Air can enter the air cleaner from outside the engine compartment or from the heat stove built around the exhaust manifold. A vacuum diaphragm motor, built into the air cleaner snorkel, moves the damper door, to admit hot air from the exhaust manifold, outside air, or a combination of both. Inside the air cleaner is a temperature sensor that reacts to air intake temperature and controls the amount of vacuum going to the motor.
Hesitation during warm-up may be caused by the following
- The heat stove tube disconnected.
- Vacuum diaphragm motor on the air cleaner inoperative.
- No manifold vacuum.
- Damper door does not move.
- Missing air cleaner-to-throttle body seal.

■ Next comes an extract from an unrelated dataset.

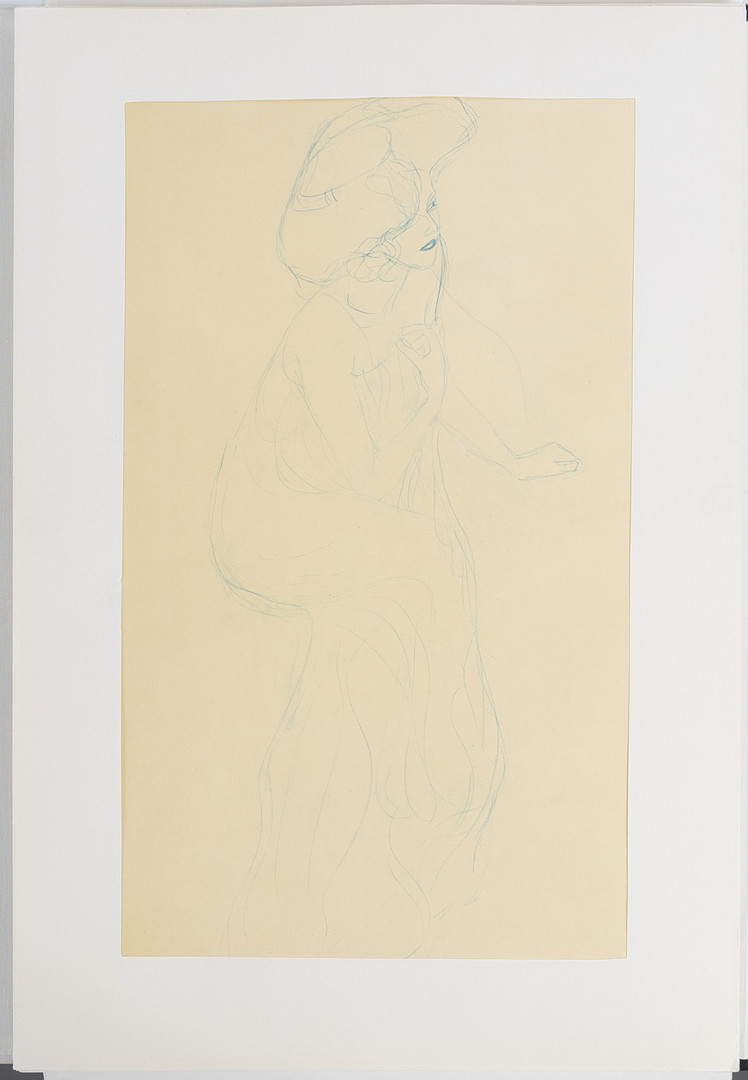 GUSTAV KLIMT. Offsettryck, mapp med 25 blad, "25 Zeichnungen ausgewählt und bearbeitet von Alice Strobl" 1964.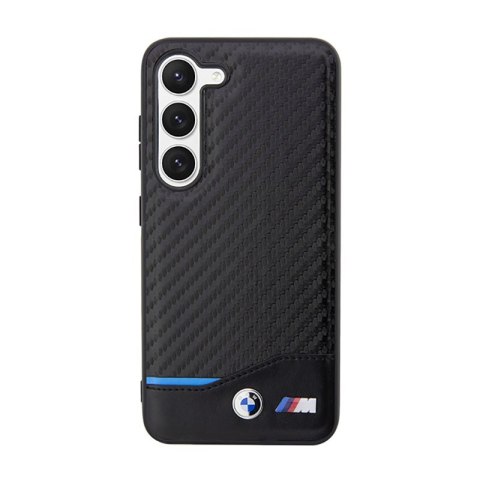 BMW Leather Carbon Blue Line - Etui Samsung Galaxy S23+ (czarny)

- Missing air cleaner cover seal or loose cover.
- Loose air cleaner.
- Checked for kinked, plugged or deteriorated hoses to the vacuum motor and heat stove.

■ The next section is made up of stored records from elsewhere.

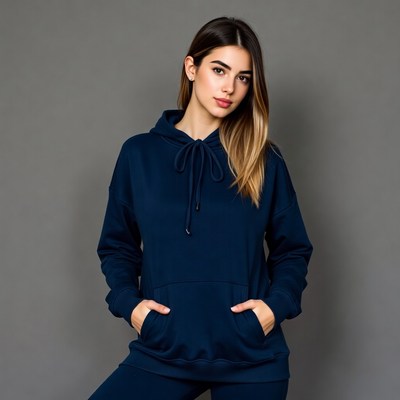 Woman in navy hoodie and pants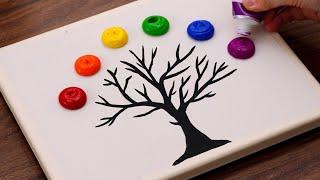 Easy Colorful Huge Tree Acrylic Painting Tutorial｜Painting For Beginners (1411)｜Oddly Satisfying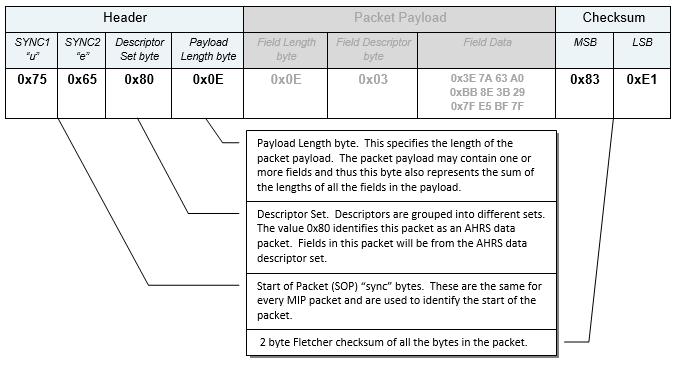 The packet payload section contains one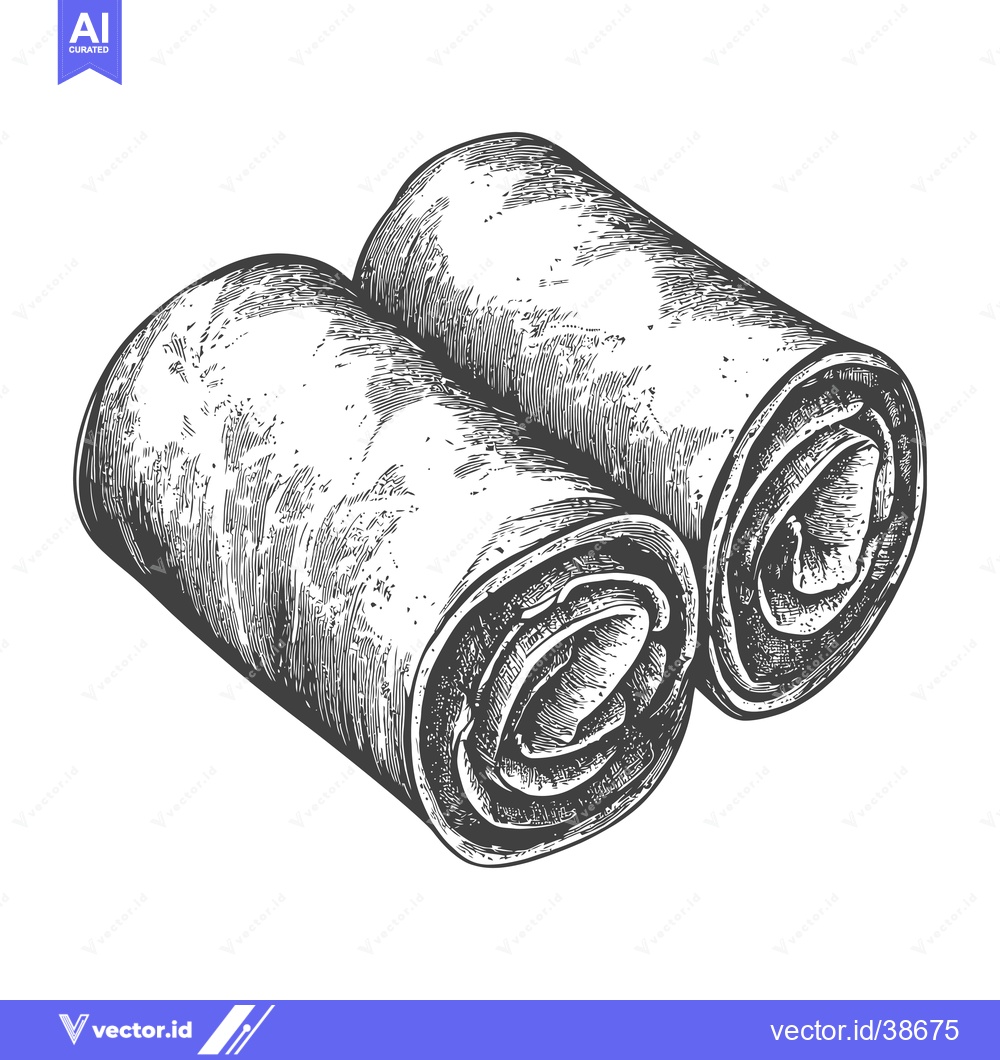 Premium Vector dari Two Rolled Pastry Delicacies Awaiting Enjoyment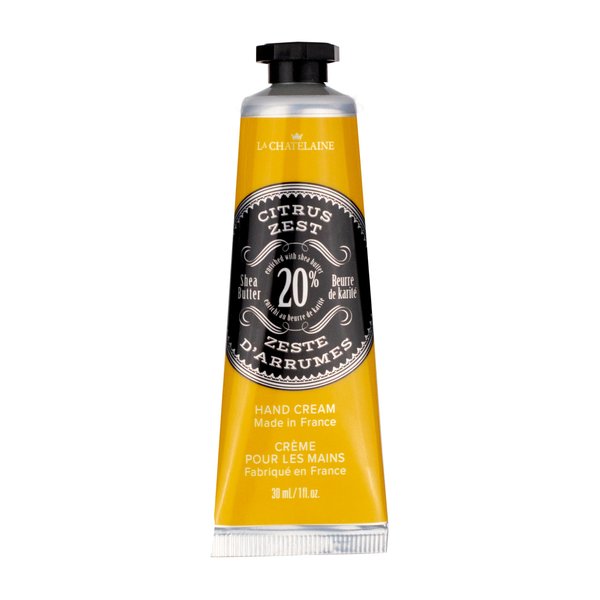 La Chatelaine 20% Shea Butter Hand Cream Travel Size, Men, Unisex, Organic Argan Oil, Moisturizing, Nourishing, Extra-Rich Hand Lotion, Made in France, Paraben Free, 1 oz / 30ml (Citrus Zest)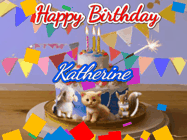 Happy Birthday Katherine GIF: Happy Birthday Cake GIF with a cat, lamb, and squirrel on the cake with flickering candles, a sparkler, and falling confetti. Reads Happy Birthday Name and you can customize the name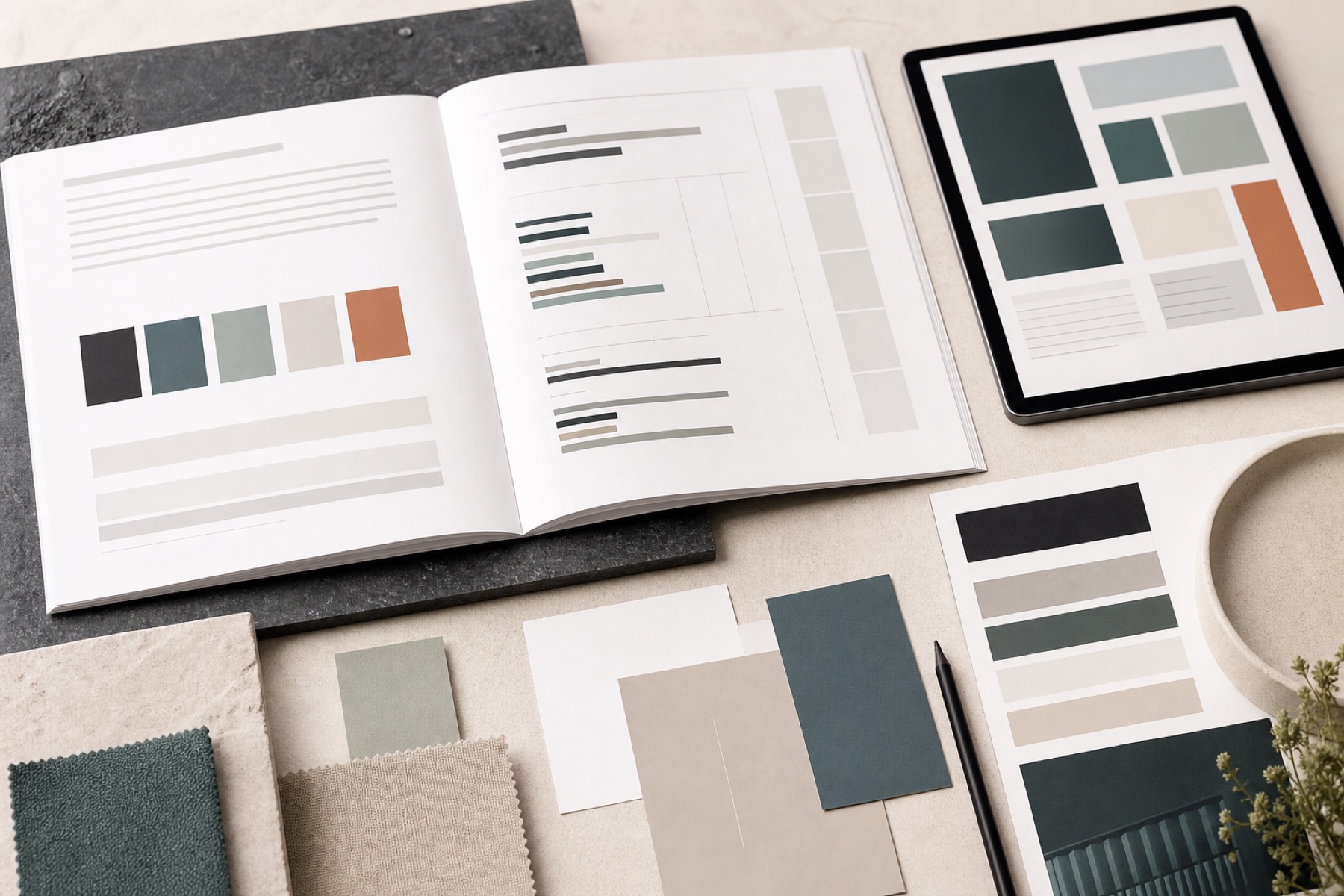 Corporate-Design-Styleguide mit Farbwelt und Layoutsystem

- Check the condition of the gasket or seal between the air cleaner and TBI unit.
- With the air cleaner assembly installed, the damper door should be open to the outside air when the engine is not running or above 86°F (30°C).
- Start the engine. Watch the damper door in the air cleaner snorkel. When the engine is first started, the damper door should move and close off outside air.
- As the air cleaner warms up, the damper door should open slowly to the outside air.
- If the air cleaner fails to operate as described above, the vacuum motor or the temperature sensor may be defective.
- Using a vacuum pump, apply at least 7 in.Hg (23 kPa) of vacuum to the vacuum diaphragm motor. If the motor will not hold vacuum, replace the vacuum motor. If the motor holds vacuum, check motor for binding condition. Replace the temperatures sensor if the vacuum motor is working properly.